Fig. 5. Characterization of EXP proteins in mouse tissues and during myoblast differentiation. (A) Immunoblot analysis using anti-hEXP42 antibodies showing that the EXP proteins are expressed in muscle and eye. Equal protein loads (15 µg/lane) were confirmed by Coomassie Blue staining (data not shown). (B) EXP expression is induced during myoblast differentiation. Immunoblot showing myosin heavy chain (αmyosin HC), mEXP42 (αhEXP42) and CUG-BP1 (αCUG-BP1) protein levels prior to (Day 0) and during (Days 1–5) myoblast differentiation. (C) Phase and immunofluorescence microscopy showing two examples of multinucleated myotubes, present on Day 4 following induction of myoblast differentiation, as well as undifferentiated myoblasts.
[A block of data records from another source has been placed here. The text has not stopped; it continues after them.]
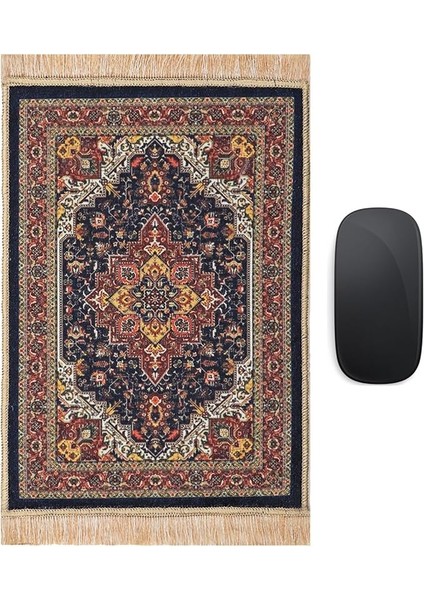 Dekoratif Küçük Halı Mousepad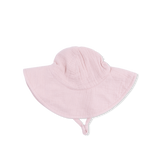 Lotus Flower Ducklings - Ruffle Sleeve Dress and Bloomer with Sunhat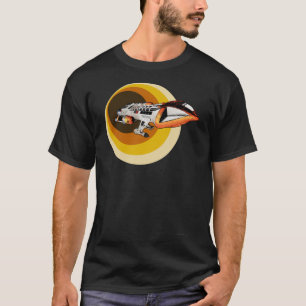 Camiseta Space 1999 Falcão Boost menino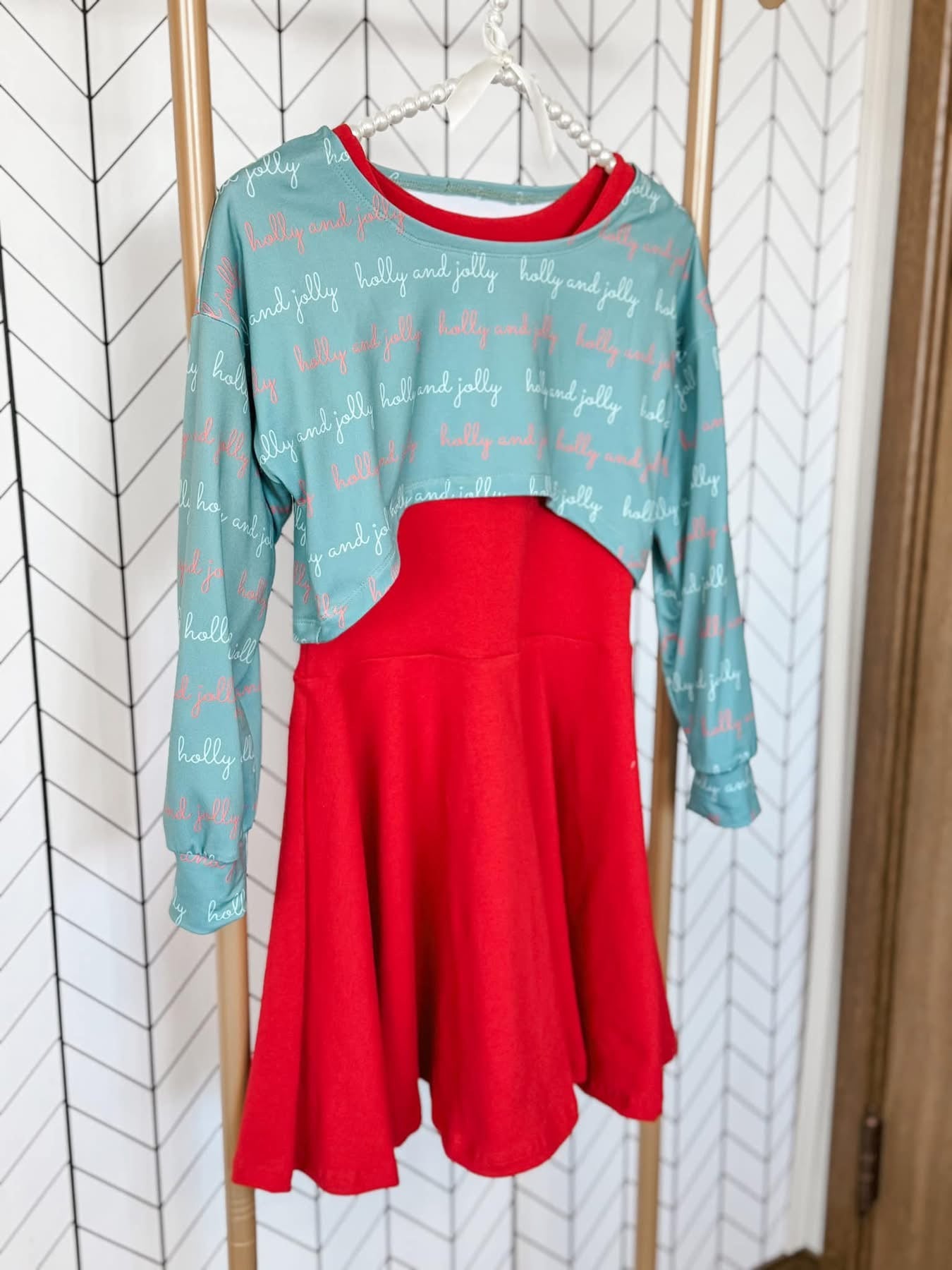Solid Twirl Dress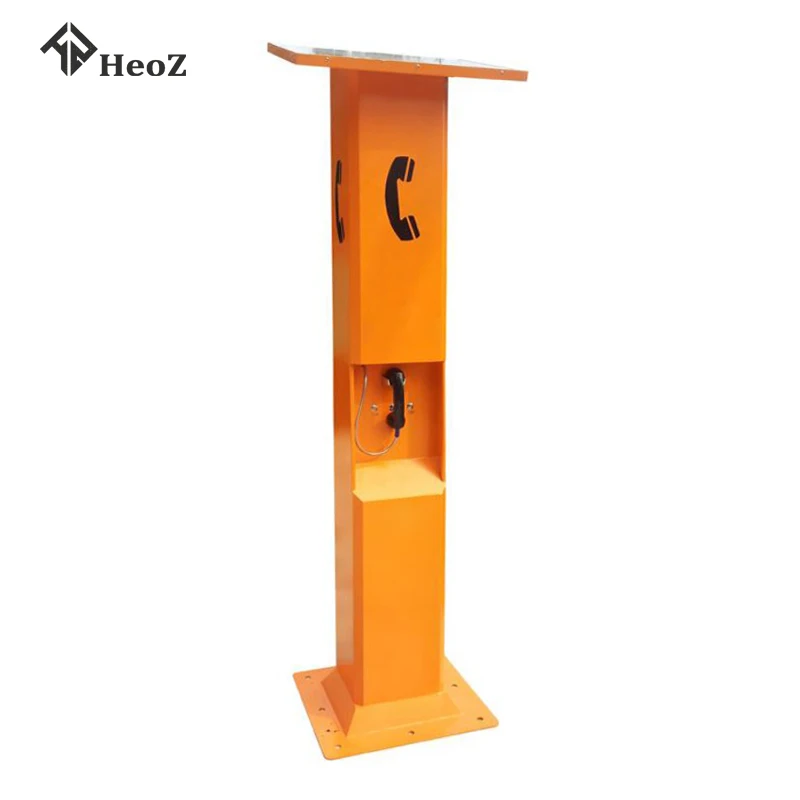 2022 New Emergency Tower Interfone Camera Handsfree Telephone Tower Blue Light Emergency Telephone For Park Campus Roadside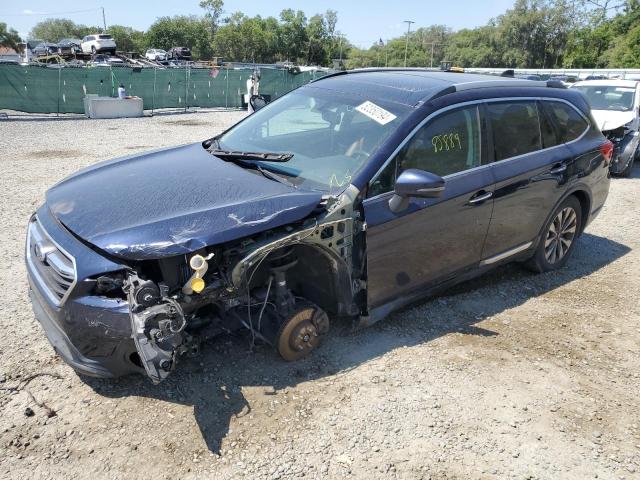 4S4BSETC6J3382536 - 2018 SUBARU OUTBACK TOURING GRAY photo 1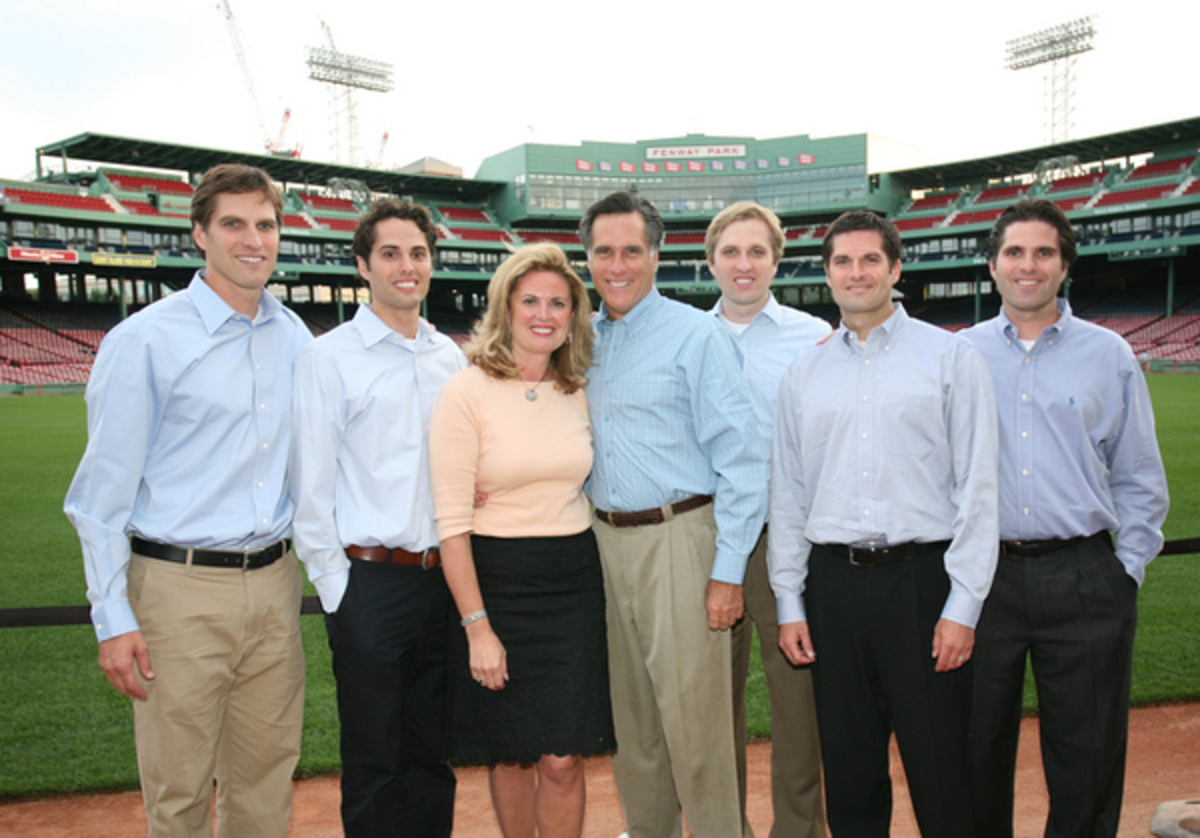 mitt romney children jobs: Romney Family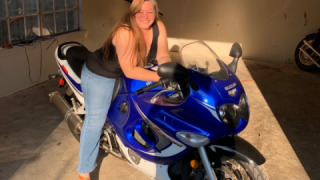 Suzuki GSX 600 Katana - Blue Bear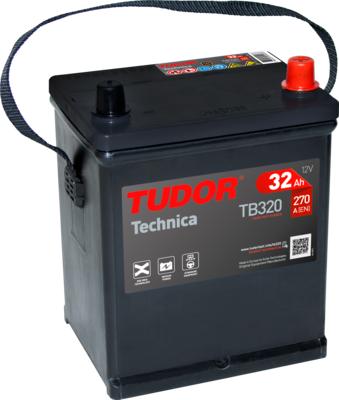 Tudor TB320 - Akumulator  www.molydon.hr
Fig. 6. EXP proteins accumulate in the nucleus of DM1 cells. (A) Cell immunofluorescence of normal and DM1 myoblasts using anti-EXP polyclonal antibodies. Phase contrast microscopy highlights cell position while DNA was detected with DAPI. The arrow indicates one of the EXP-enriched foci. (B) FISH analysis with a Cy3-labeled (CAG)₁₀ probe (red), which detects DMPK (CUG)_n expansions in DM1 cell nuclei (shown by DAPI staining). (C) Cell immunofluorescence, using anti-EXP antibodies, of normal fibroblasts infected with a MyoD adenovirus (normal fibroblast + MyoD) or DM1 fibroblasts either uninfected (DM1 fibroblast – MyoD) or infected (DM1 fibroblast + MyoD). Arrows indicate several sizes of foci enriched in hEXP42.

Fig. 7. RNA dominance model for DM1 pathogenesis. The processing and nucleocytoplasmic export of DMPK transcripts from the normal and mutant alleles are illustrated. This model proposes that the normal RNA-binding sites for the EXP proteins are distributed in both the nucleus and cytoplasm.